Make a GpuOp and make all op that use the GPU inherit from it.

This allow to make sure the test for the driver was executed.

Make a GpuOp and make all op that use the GPU inherit from it.
b7bc0916 · Frederic · 8333fe82 · b7bc0916 · b7bc0916 · b7bc0916
--- a/theano/sandbox/cuda/GpuConv3D.py
+++ b/theano/sandbox/cuda/GpuConv3D.py
@@ -7,9 +7,9 @@ from theano.sandbox.cuda.basic_ops import as_cuda_ndarray_variable, host_from_gp
 from theano.misc import strutil
 from theano.tensor.nnet.Conv3D import Conv3D
 from theano.sandbox.cuda.opt import register_opt
-from theano.sandbox.cuda import CudaNdarrayType
+from theano.sandbox.cuda import CudaNdarrayType, GpuOp

-class GpuConv3D(theano.Op):
+class GpuConv3D(GpuOp):
    """ GPU implementation of Conv3D """

    def __eq__(self, other):

--- a/theano/sandbox/cuda/GpuConvGrad3D.py
+++ b/theano/sandbox/cuda/GpuConvGrad3D.py
@@ -8,11 +8,12 @@ from theano.misc import strutil

 from theano.tensor.nnet.ConvGrad3D import ConvGrad3D
 from theano.sandbox.cuda.opt import register_opt
-from theano.sandbox.cuda import CudaNdarrayType, HostFromGpu, host_from_gpu
+from theano.sandbox.cuda import (CudaNdarrayType, HostFromGpu,
+                                 host_from_gpu, GpuOp)

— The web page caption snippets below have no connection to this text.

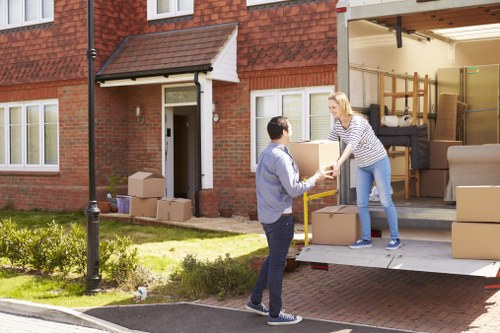 Uk Manandvan van parked outside a terraced house ready to load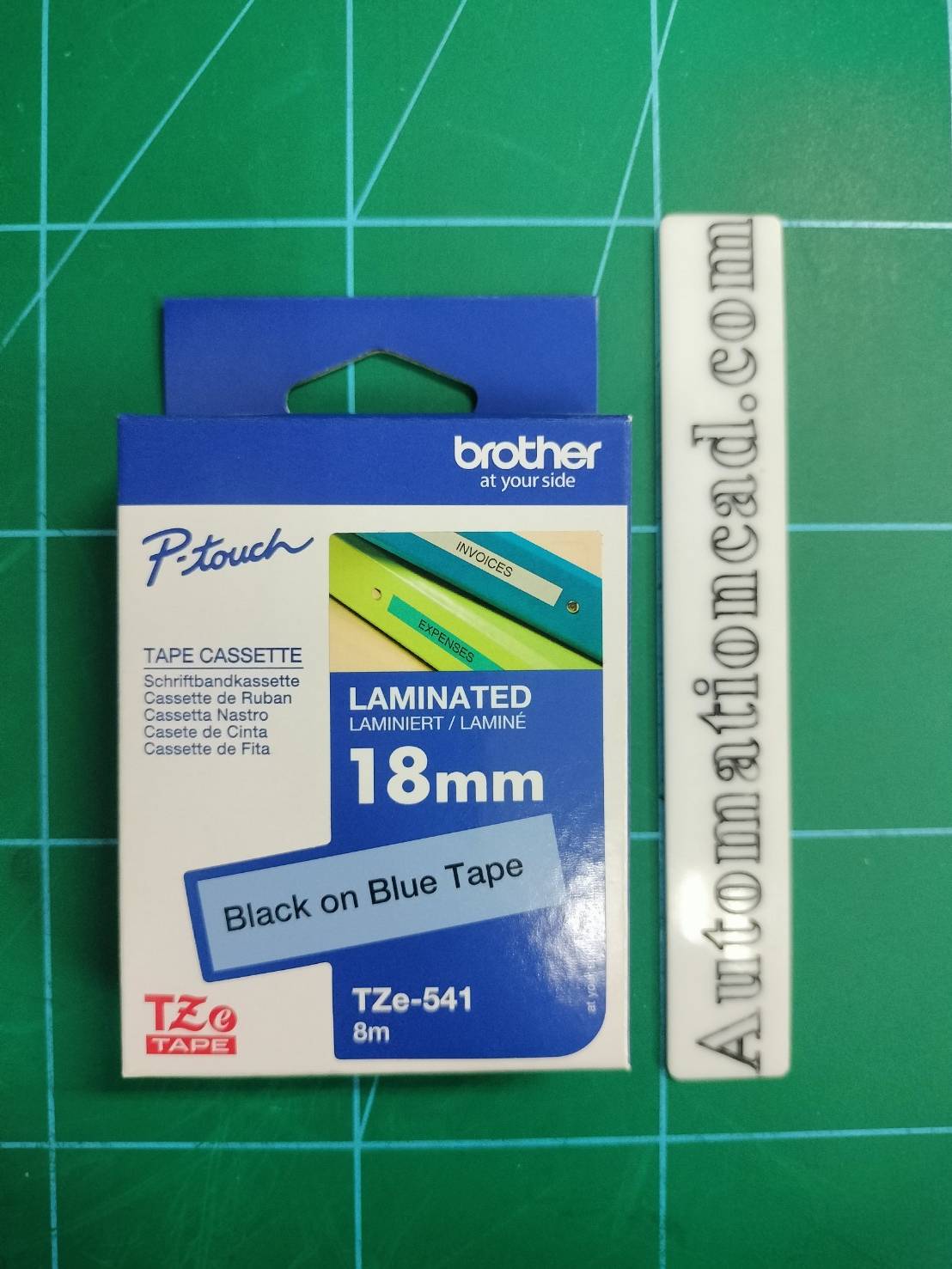 เทปพิมพ์อักษร TZE-541 ขนาด 18 มม. อักษรสีดำพื้นน้ำเงิน แบบเคลือบพลาสติก Brother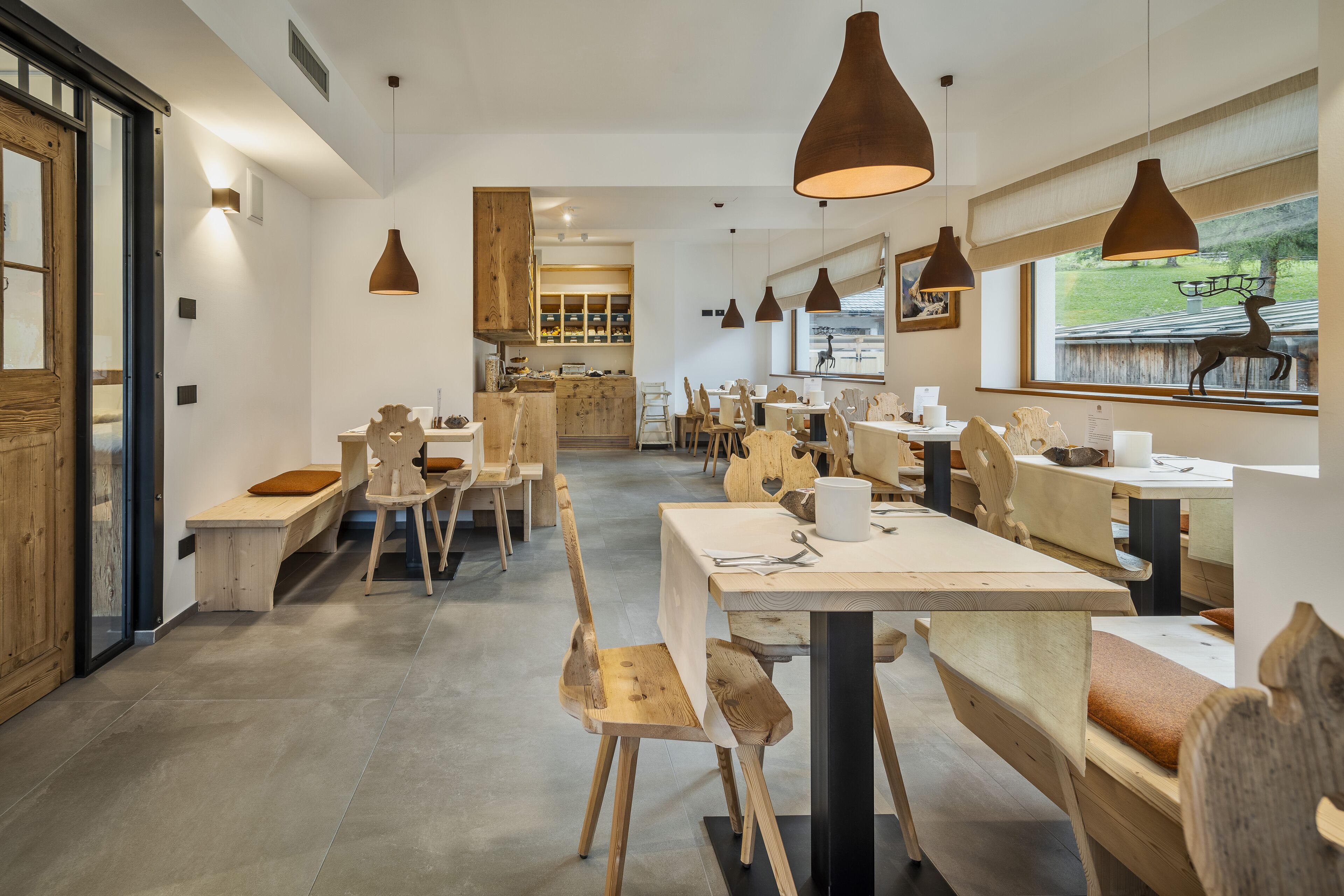 En restaurantindretning med træmøbler, hængende lamper og udsigt til det fri.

-class GpuConvGrad3D(theano.Op):
+class GpuConvGrad3D(GpuOp):
    """ GPU version of gradient of ConvGrad3D with respect to W """

    def make_node(self, V, d, WShape, dCdH):

--- a/theano/sandbox/cuda/GpuConvTransp3D.py
+++ b/theano/sandbox/cuda/GpuConvTransp3D.py
@@ -9,10 +9,11 @@ from theano.gof import local_optimizer

 from theano.sandbox.cuda.basic_ops import as_cuda_ndarray_variable
 from theano.sandbox.cuda.opt import register_opt
-from theano.sandbox.cuda import CudaNdarrayType, HostFromGpu, host_from_gpu
+from theano.sandbox.cuda import (CudaNdarrayType, HostFromGpu,
+                                 host_from_gpu, GpuOp)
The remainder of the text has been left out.